This is the five-step policy we intend to follow, with specific consequences for unexcused absences:

 

  • First absence: a member of our attendance team will call you to remind you of our Attendance Policy, as well as inform your Advisor to speak with you. For an unexcused absence, there will be a consequence of either a reflective lunch or staying late with the teacher to make up the missed work.
  • Second unexcused absence: Your advisor will personally contact your parents in addition to a reflective lunch and afterschool make-up.
  • Third unexcused absence: Your advisor will set up a meeting including you, your parent, the Advisor and another school adult (such as Social Worker, Principal) to investigate the reasons for your absences. Consequences, including a setting contract, will be determined at this meeting.
  • Fifth unexcused absence: You will be asked to meet with the leadership either to determine radical strategies for coping with your truancy pattern, perhaps including investigating alternatives to Harvest.

 

 

Bathroom Policy.  One student at a given time is allowed to go to the bathroom with the pass. Permission should be asked of the teacher so whereabouts are understood.

 

Bullying and Cyber-Bulling.
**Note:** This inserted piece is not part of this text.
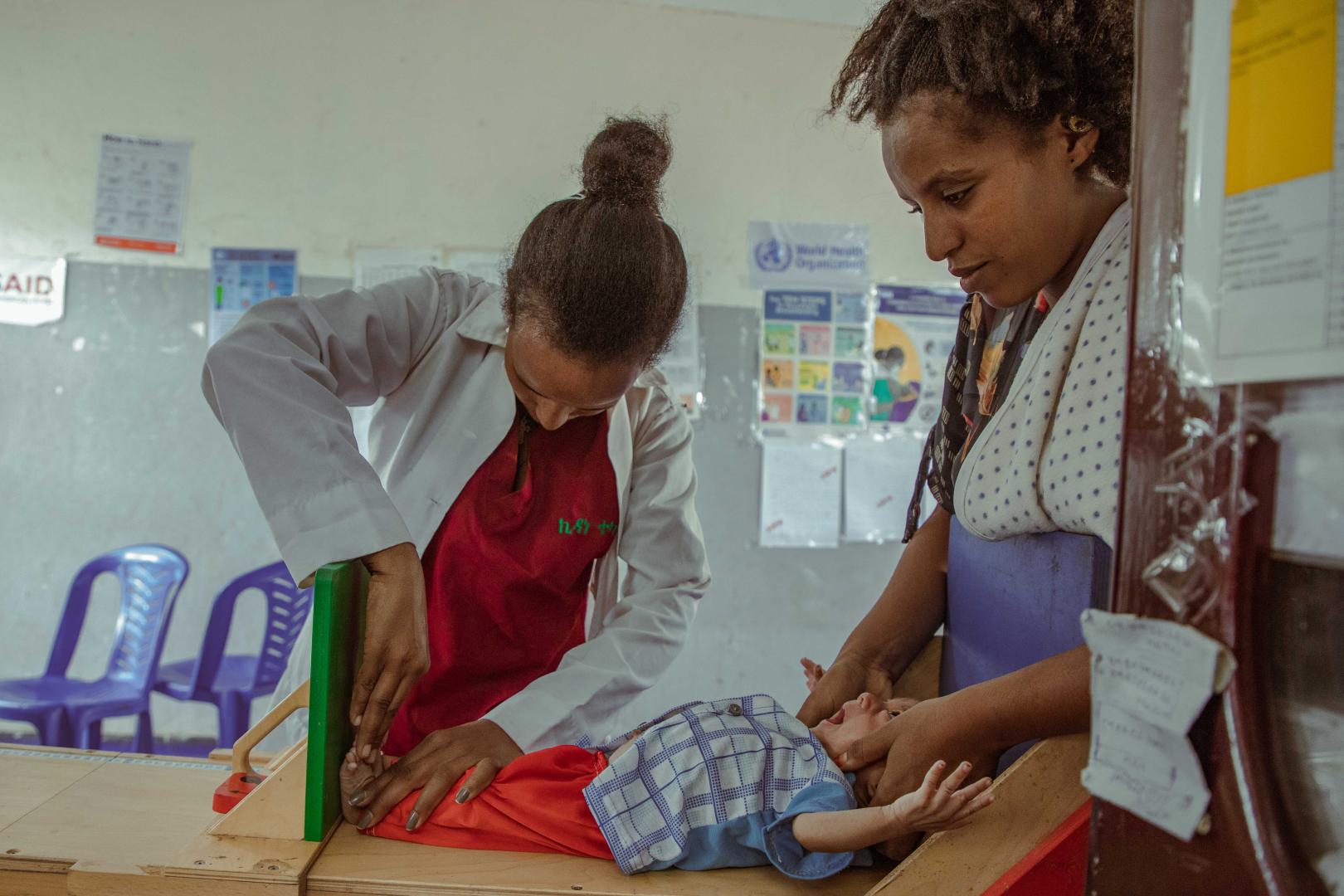 Mehonie the nurse updating the board with the newly admitted child's condition at the Stabilization Center (SC) to facilitate ongoing monitoring of the child's progress.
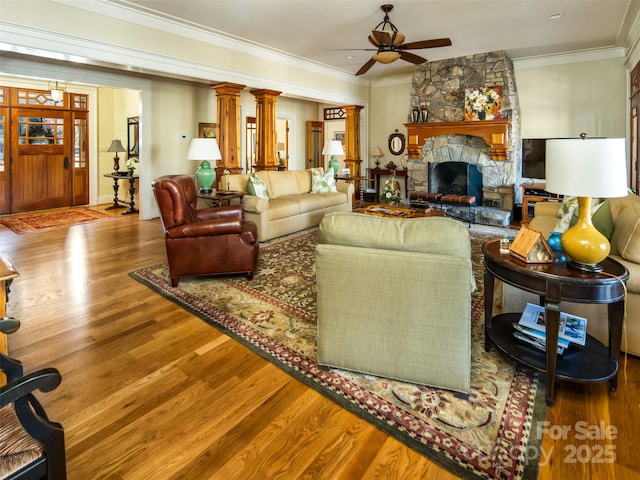 living room featuring ornamental molding, a ceiling fan, a fireplace, and wood finished floors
We take bullying extremely seriously at Harvest Collegiate and will not tolerate it.  If you or someone you know is being bullied—in or out of school, including online—you have the obligation to report it—to your Advisor, Dean, Social Worker or Principal.  We will take the necessary measures to make it stop and ensure the safety of all.

 

The “Commons.” Harvest Commons, the open space when you enter our school, is a shared space for the community to gather.  Students please sit with your Advisory for Morning Meeting.

 

Concerns.  We are open to hearing your concerns.  If something is happening that is not right, please bring it to your Advisor, Dean, Social Worker or Principal and we will work to address it. No one should suffer at Harvest Collegiate.

 

Conflict, a natural part of life.  We people are truly engaged with each other, conflict happens. When it does, it is essential that you use the skills you to resolve it: habit of voice (explain yourself), habit.  If you need help resolving conflict, you should speak to Atash (or your Advisor or Dean) who can help you and may organize a mediation, a process where a third party helps both sides hear each other and come to an understanding.  It is never okay to resort to violence and fighters will receive an automatic suspension.

 

Class trips.  We encourage learning beyond the classroom and have in fact, structured our schedule to include a near weekly field exploration (the Harvest Experience of Urban Ecology, community service, College Preparation, Internship) so as to be minimally disruptive to other classes. All school trips that take place during the school hours must have an educational focus and be viewed as an extension of the curriculum and learning environment.

 

Discipline Code of the NYC Department of Education.  The discipline code of the DOE, attached fully here, outlines all your rights, responsibilities and possible guidance and disciplinary interventions.

 

Dress Code. Students are at Harvest to learn about ideas, and one’s relationship to ideas, in a community. Everyone appreciates beauty and all students naturally shine but we also desire to help you to focus on your work without distraction. We therefore ask students and teachers to dress in a way that is appropriate, and not provocative, so that we are all treated with respect both in and out of Harvest.  Therefore, from just below your shoulder to 6” above the knee (about the length of a dollar bill) must be covered, and clothing should not be skin-tight. In short, the policy requires that we not see any undergarments, cleavage or rear end. No buts about it!

 

Furthermore, the content of all clothing must be appropriate at all times.  Vulgarity, violence or reference to any illegal activity is not in line with our core values.  Out of respect for the policy of the building we are moving into, hats and sunglasses must be removed upon entry into the building.  Students outside of the dress code will be asked to change or sent home while responsible for their work.

 

 

Electronics. Students: please put away all put away all cell phones, ipods and other electronic devices before entering the building. The Chancellor’s Regulations for the City of New York forbid any use of student electronics in schools; if not, schools have a right to confiscate them and send them downtown for parent pick-up weeks later. Out of school, new technologies can entertain us and enhance our communications, but in school they usually distract us from our educational work and so any electronic use needs to be completely out of hearing and sight (including headphones).  If a student is abusing our electronics policy, we reserve the right to confiscate the electronics device.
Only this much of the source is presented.